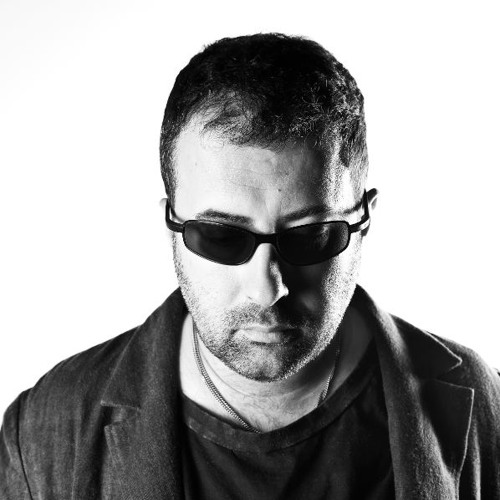 Dave Clarke Plays 'Roberto & Jamie Anderson - Corrugata - FAUK 002' on Whitenoise 481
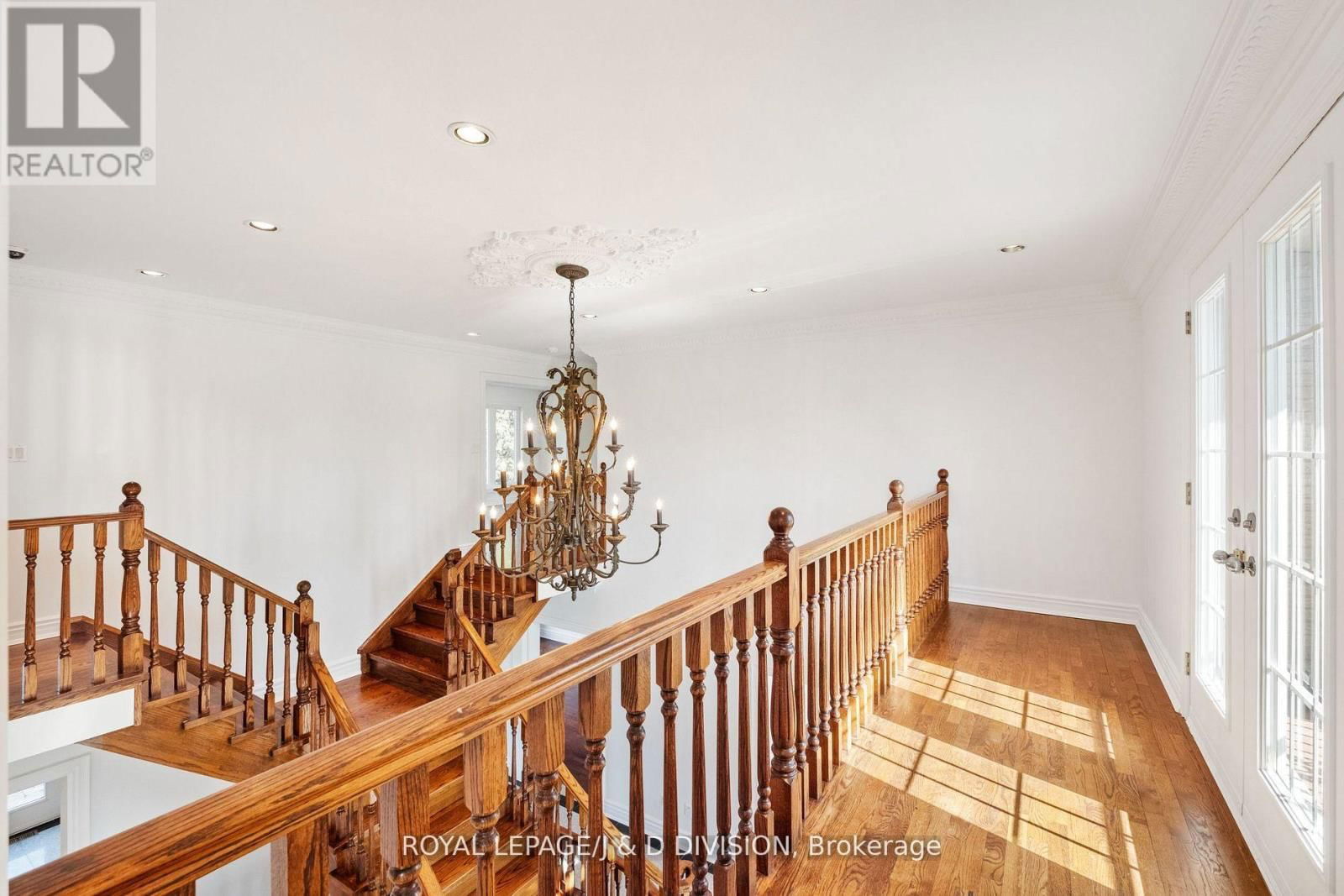 19 LOGAN COURT Image 14
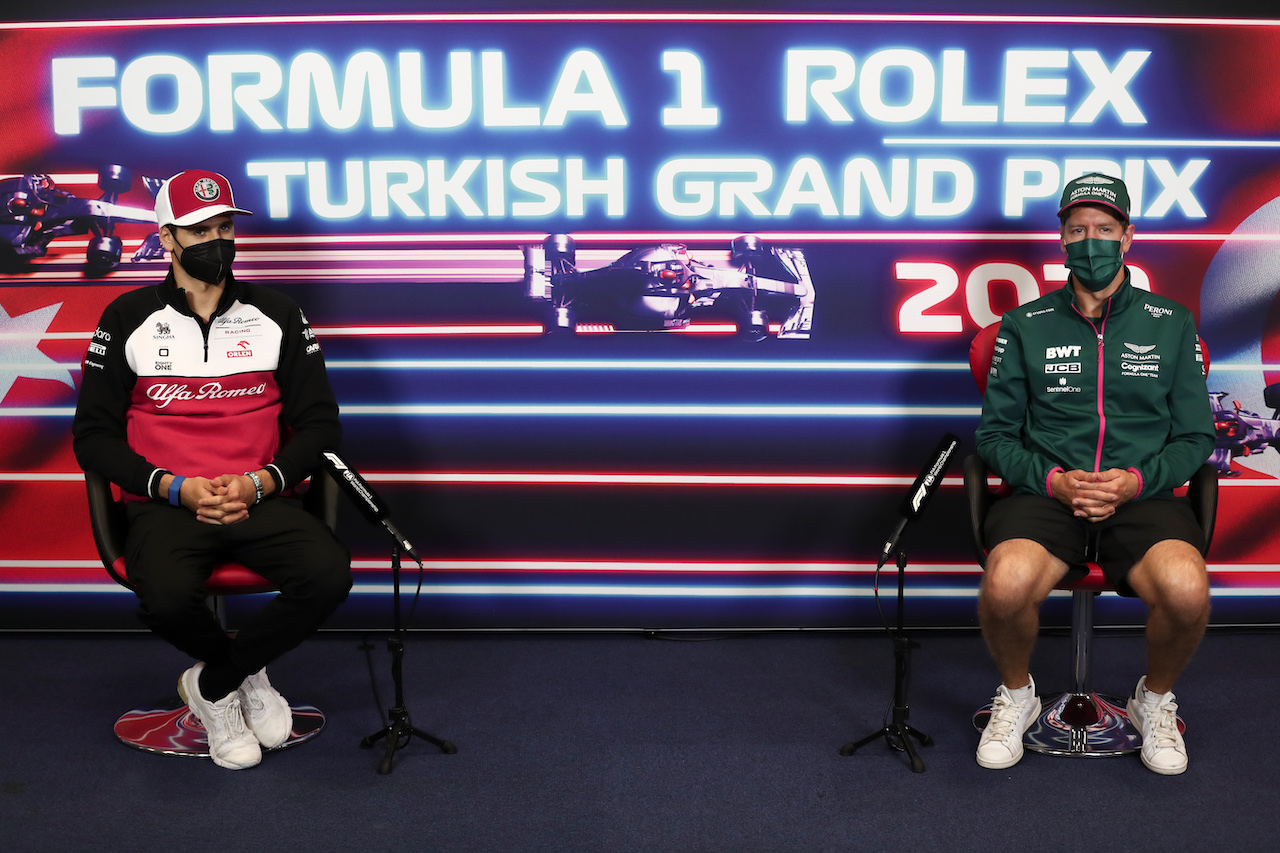 GP TURCHIA, (L to R): Antonio Giovinazzi (ITA) Alfa Romeo Racing e Sebastian Vettel (GER) Aston Martin F1 Team in the FIA Press Conference.
07.10.2021. Formula 1 World Championship, Rd 16, Turkish Grand Prix, Istanbul, Turkey, Preparation Day.
- www.xpbimages.com, EMail: requests@xpbimages.com © Copyright: FIA Pool Image for Editorial Use Only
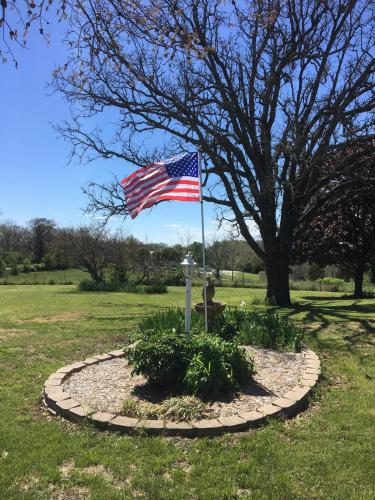 0CB84B9D-8DED-44C3-B2A1-1FA844DA8D37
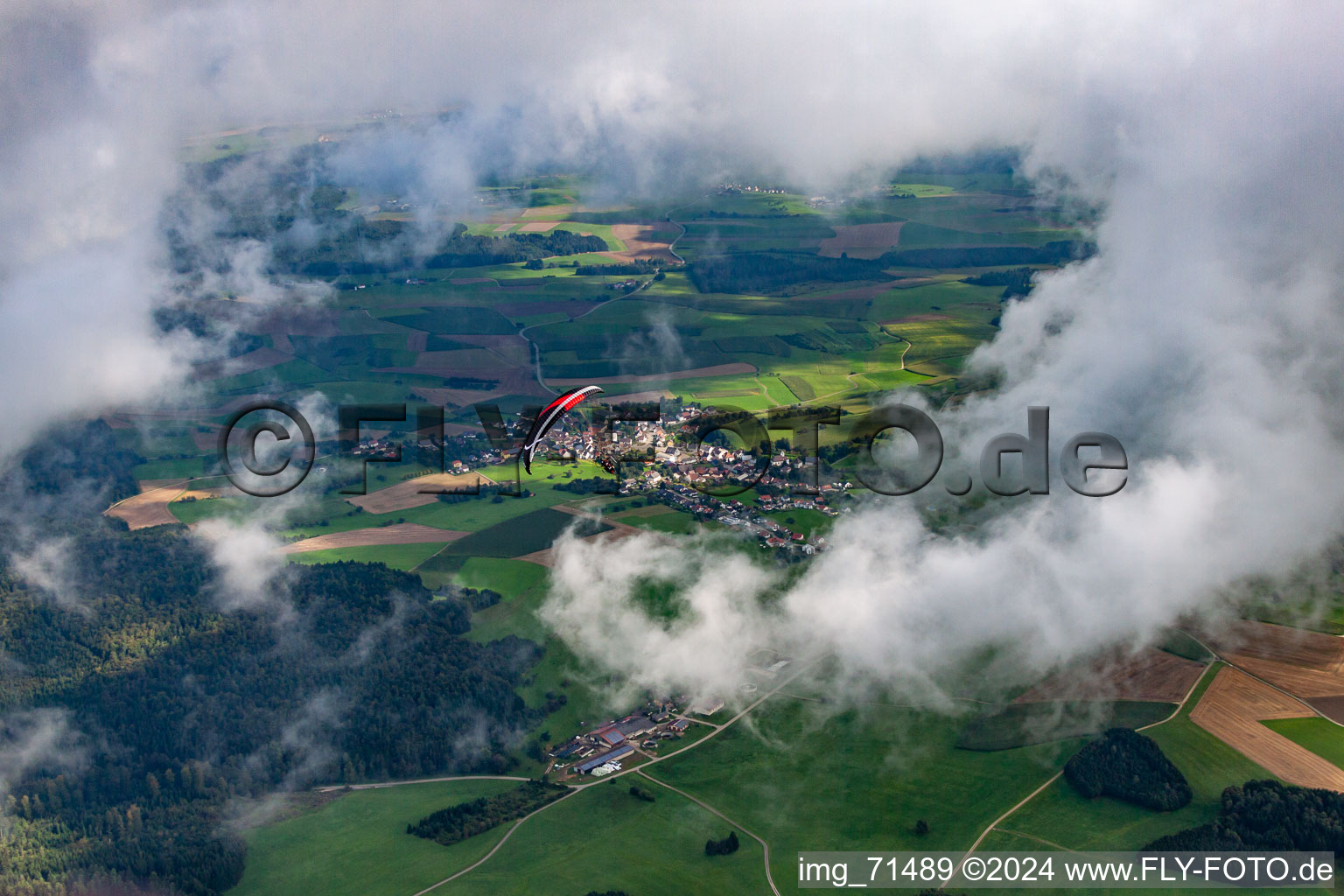 Vue aérienne de Placer sous les nuages à le quartier Gallmannsweil in Mühlingen dans le département Bade-Wurtemberg, Allemagne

THE TASK – Copy each line of the records precisely and drop any images they hold.

ANSWER AREA –
 Dave Clarke Plays 'Roberto & Jamie Anderson - Corrugata - FAUK 002' on Whitenoise 481
 19 LOGAN COURT Image 14
 GP TURCHIA, (L to R): Antonio Giovinazzi (ITA) Alfa Romeo Racing e Sebastian Vettel (GER) Aston Martin F1 Team in the FIA Press Conference.
07.10.2021. Formula 1 World Championship, Rd 16, Turkish Grand Prix, Istanbul, Turkey, Preparation Day.
- www.xpbimages.com, EMail: requests@xpbimages.com © Copyright: FIA Pool Image for Editorial Use Only
 0CB84B9D-8DED-44C3-B2A1-1FA844DA8D37
 Vue aérienne de Placer sous les nuages à le quartier Gallmannsweil in Mühlingen dans le département Bade-Wurtemberg, Allemagne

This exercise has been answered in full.